I reached to pull her near. “’Tis marvelous news! Mary will come round,” I said, hoping to keep her calm till the child was born, which would be a sizable task indeed.
“No,” Anne said. “No, she won’t. She’s her mother’s daughter.”
In spite of her ill health and weariness in carrying the child and her distress over the spat with Mary, Anne entertained her ladies that night. The courses were delivered to her apartments and we spent the evening passing time with court chatter and games of dice. Anne took an especial interest in the new Duchess of Suffolk, the naive fourteen-year-old bride of the Duke of Suffolk, who had, indeed, right quickly married his son’s betrothed afore his old wife, the king’s sister Mary Rose, was in her grave a week.

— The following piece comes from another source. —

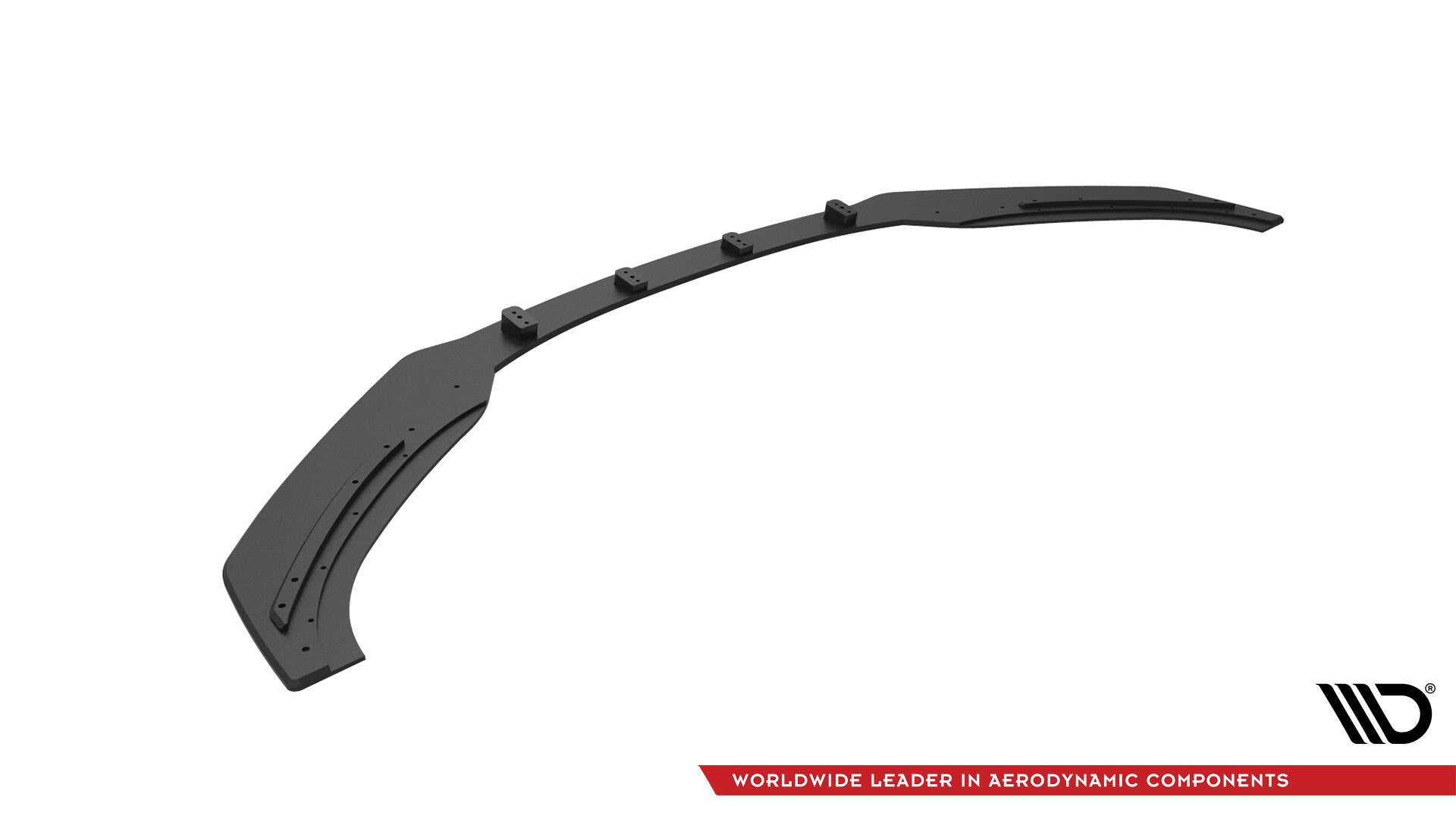 Maxton Design Street Pro Street+ Spoilerlippe Front Ansatz passend für Audi TT S / S-Line 8S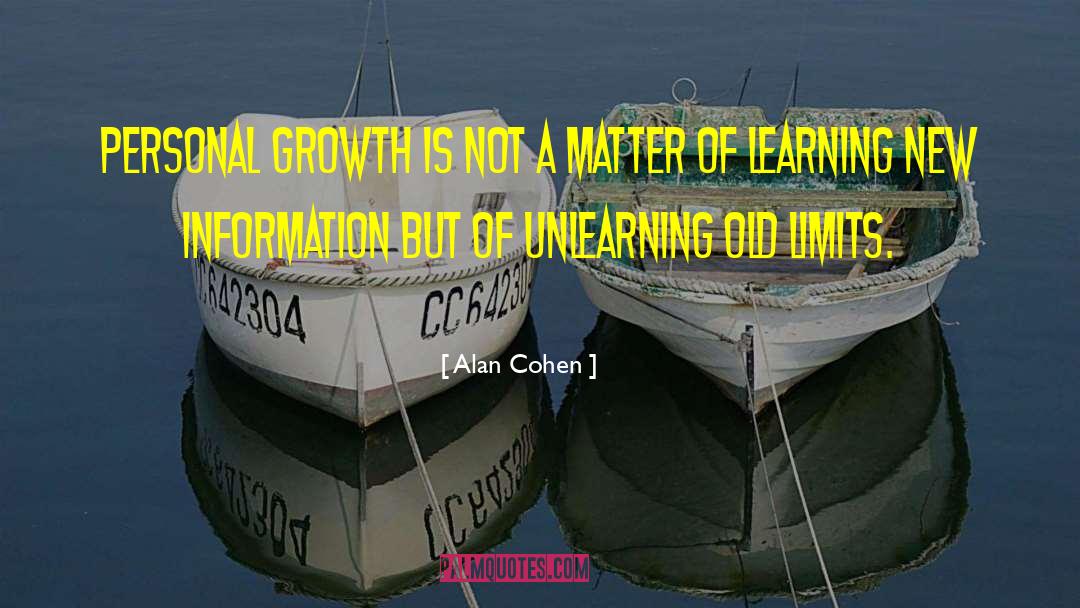 New Student quotes by Alan Cohen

Mary Rose, once the celebrated Queen of France, once married to her dashing lover, Suffolk, was now gone. Her bed was warmed by the girl her husband had lusted after afore his wife was even dead. How much this world offered, how little it surrendered. I prayed fervently and often for my lady to be delivered of a son.

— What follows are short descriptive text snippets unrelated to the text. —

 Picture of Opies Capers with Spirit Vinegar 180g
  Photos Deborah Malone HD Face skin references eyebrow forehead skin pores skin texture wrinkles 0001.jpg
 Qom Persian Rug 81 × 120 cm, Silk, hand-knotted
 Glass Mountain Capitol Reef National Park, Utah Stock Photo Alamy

Late May was a delightful time for a picnic and Anne sought to bring some merriment to the court and to Henry. Henry, always at his happiest with his friends about him and good times pressing in on him, was delighted with the picnic Anne had planned in the park near St. James Palace, home of the future Prince of Wales.
“Come, Majesty, let us walk,” she said as she tucked her arm into Henry’s, and they strolled the grounds, which had been carefully groomed to look natural and untouched. I busied myself with her other ladies and then took part in a tournament of rook with several of Anne’s ladies and some of the gentlemen of the privy chamber.

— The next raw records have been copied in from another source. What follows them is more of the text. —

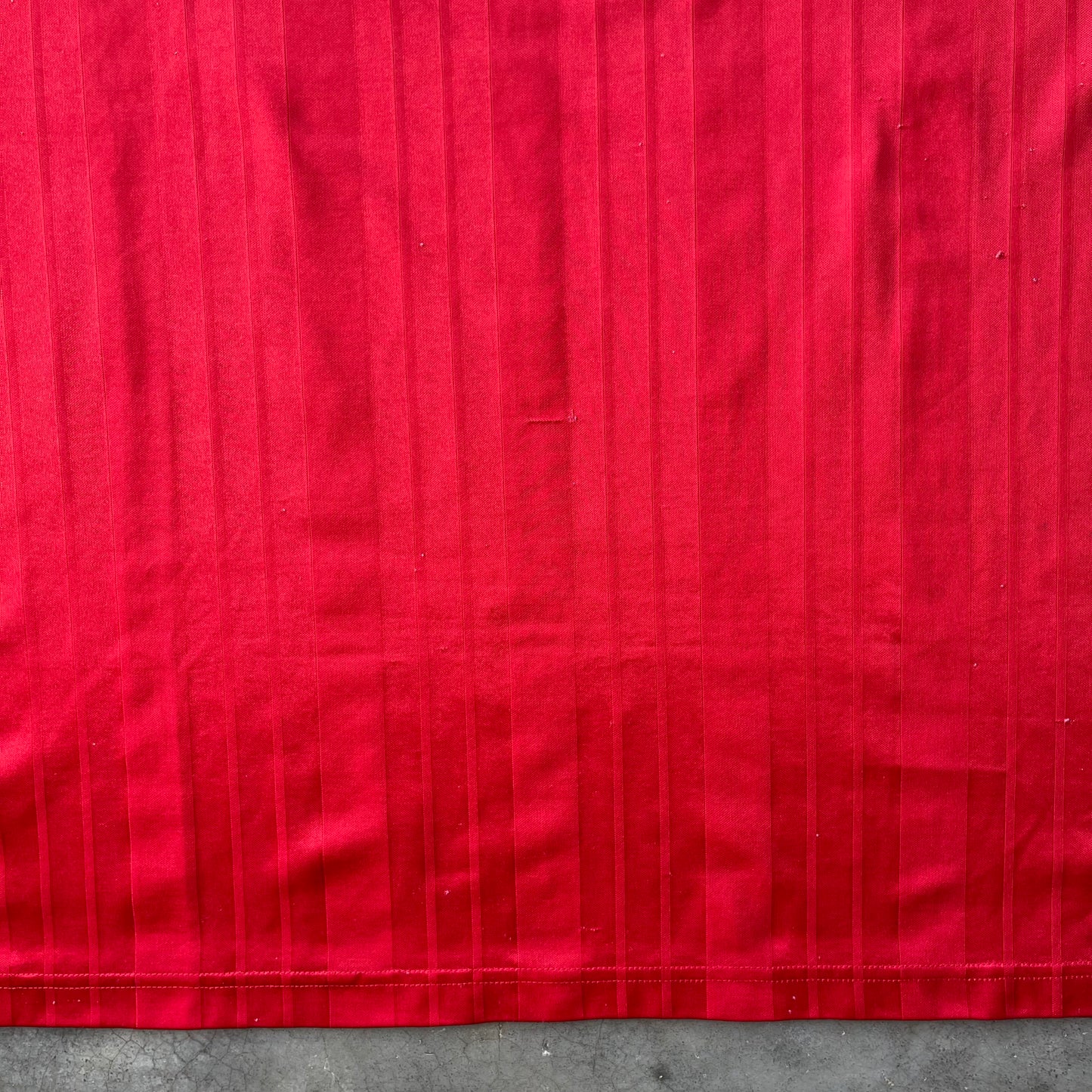 (XL) 90s Adidas Numbered Red Soccer Jersey
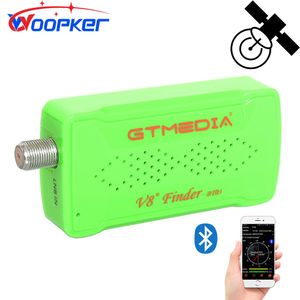 Woopker V8 SAT FINDER BT03 MINI SATFINDER BLUETOOTH DVB S / S2 SIGNAL SIGNAGE SATTELLITE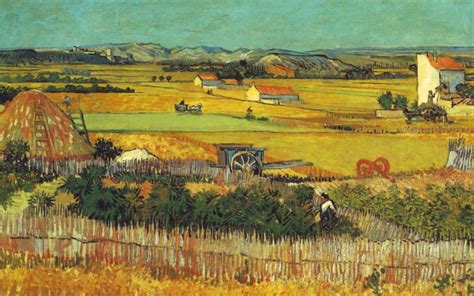 paintings, Landscapes, Fields, Vincent, Van, Gogh, Artwork, Plaine, De ...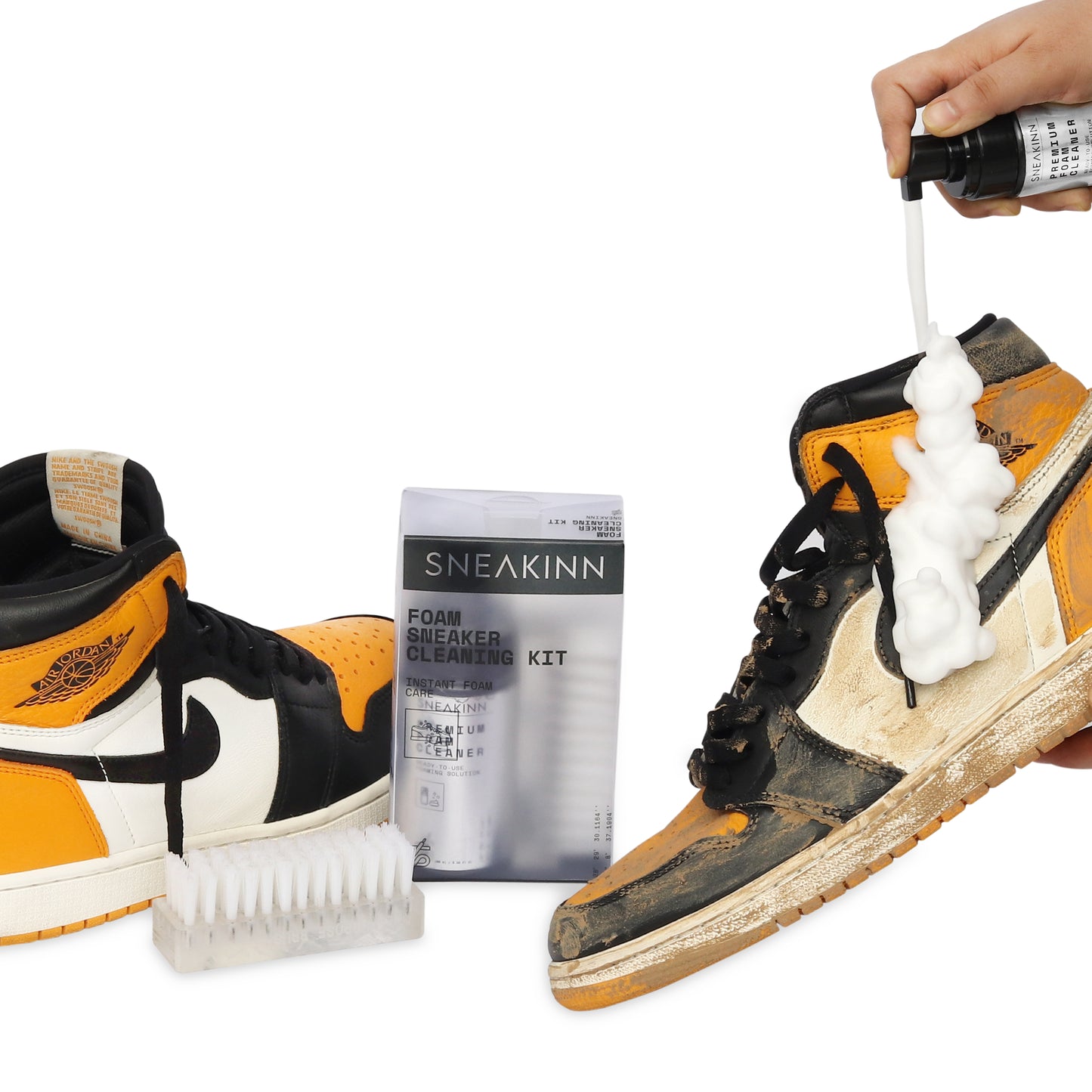 FOAM SNEAKER CLEANING KIT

“Do you have a partner, lady?” one of them charmingly asked me, the double entendre causing a spray of laughter among the listeners. It had been a bit tense at court, awaiting the birth of the babe, and I welcomed the change and courtly flirtation.
“Not presently, Sir Thomas,” I responded. “I find myself quite unpartnered at the moment. And you?”
“Alas, I remain happily unmatched,” he said, blinking his deep blue eyes in my direction. Thomas Seymour was a few years younger and just approaching the power and charm of a man come into his own. “Though as I should not care to see a woman as beautiful as you without a rook partner, mayhap I could advise your moves.”
I laughed aloud. “I have done quite well at rook without your advice, sir, but your company would be most welcome.”
He pulled up a chair beside me and kept pleasant company whilst I beat Lord Lisle handily. I turned around—Madge Shelton, the queen’s cousin, was to be the next partner in the game, but she was not to be seen. Earlier I had watched as she cornered Sir Henry Norris, a handsome, titled man in want of a wife. He had respectfully disengaged himself from her. Mayhap she was looking for him again?
“Looking for Mistress Shelton?” Jane Rochford’s voice was in my ear ere I even saw her approach.
“Indeed I am,” I said. “We were to be partnered at rook next. Have you seen her?”
Jane nodded in the direction of the king, who sat beneath the spreading canopy of a contorted oak tree. On his lap—his lap!—sat Madge Shelton.
“Where is the queen?” I hissed to Jane.
“She went for a walk with her father, but look, she approaches now.” Jane pointed toward the wooded area on the outskirts of the park, where the queen had suddenly appeared.
I watched her as she watched them. I held my breath, expecting an angry outburst or a slap to Madge. Neither happened. Anne smiled serenely and nodded to Madge. “Cousin?”
Madge bowed her head. “My queen.”
“Yes, she is your cousin, sweetheart, I’d near forgotten,” Henry said in what seemed to be an effort to make light conversation. “She does resemble your sister, Mary.”
Anne smiled. “The resemblance is in all ways remarkable.” And then she joined Henry Norris and the others at the rook tables.